L.I.: The Ostroh Club members joined your initiative as soon as they learned about it. By the way, Den’ and Ostroh Club organized Stus readings at Ostroh Academy in January 2008. One of the participants was Serhii Nesvit, a graduate student who had come from Donetsk. His presentation was remembered in Ostroh this year because the previous year he was extremely well-prepared and gave a fascinating account of Stus’ life. Even then I had a feeling that the attitude of Donetsk University students to Vasyl Stus was not superficial. Rather, they demonstrated profound knowledge and, most importantly, understanding of his life and poetry. For the philology students at Ostroh Academy Nesvit’s presentation was an interesting lecture.
Many people may not know who Vasyl Stus is. We must give give them a chance and time. We dedicated last year to Stus not simply to honor his memory, but to let people who did not understand the importance of his words look at him from a different angle, appreciate his extraordinary energy and his unprecedented story in the Soviet Union, which by then seemed to have become vegetarian.
S.F.: Yes, Vasyl Stus succeeded in making the Soviet regime go berserk—not with the aid of arms or rebellion, but with his public stand. That is why we are convinced that the university must bear precisely his name and not one of those that are now being circulated now.

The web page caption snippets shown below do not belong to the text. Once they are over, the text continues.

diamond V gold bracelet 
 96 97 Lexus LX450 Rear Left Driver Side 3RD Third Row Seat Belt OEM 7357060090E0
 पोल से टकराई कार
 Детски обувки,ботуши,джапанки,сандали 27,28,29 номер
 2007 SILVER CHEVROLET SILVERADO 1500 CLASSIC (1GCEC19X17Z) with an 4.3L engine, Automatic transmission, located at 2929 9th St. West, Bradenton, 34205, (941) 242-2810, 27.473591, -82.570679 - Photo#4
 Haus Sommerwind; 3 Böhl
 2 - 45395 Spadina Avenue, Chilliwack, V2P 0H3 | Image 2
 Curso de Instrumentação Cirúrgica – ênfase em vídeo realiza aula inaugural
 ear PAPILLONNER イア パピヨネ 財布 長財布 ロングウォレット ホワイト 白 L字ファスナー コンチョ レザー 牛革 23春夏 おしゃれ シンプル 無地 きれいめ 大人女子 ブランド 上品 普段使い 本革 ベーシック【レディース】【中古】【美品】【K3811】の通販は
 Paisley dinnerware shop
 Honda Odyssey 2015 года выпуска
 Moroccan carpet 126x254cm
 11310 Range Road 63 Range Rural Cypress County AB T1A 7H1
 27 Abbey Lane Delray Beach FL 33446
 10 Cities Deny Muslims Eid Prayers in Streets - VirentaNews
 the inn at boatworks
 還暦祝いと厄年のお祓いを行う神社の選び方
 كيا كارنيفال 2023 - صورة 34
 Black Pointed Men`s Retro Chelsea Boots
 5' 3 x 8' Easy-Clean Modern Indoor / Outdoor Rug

L.I.: Of course, we must remember all those worthy individuals who did important things during Soviet times, but the younger generation must have different role models. We are now faced with totally different tasks than they were. We should not confront people who continue living in the past and those who still fail to realize the importance of your requirements. You are not interested in aggravating the conflict, are you? Therefore, you ought to meet your opponents halfway, so you can keep your doors open.
S.F.: Of course, what we want is not only to name the university, but also to be understood by its administration and the local authorities. May the name of Vasyl Stus become the cornerstone of a new, adequate, interesting, cultured, and intelligent Donbas.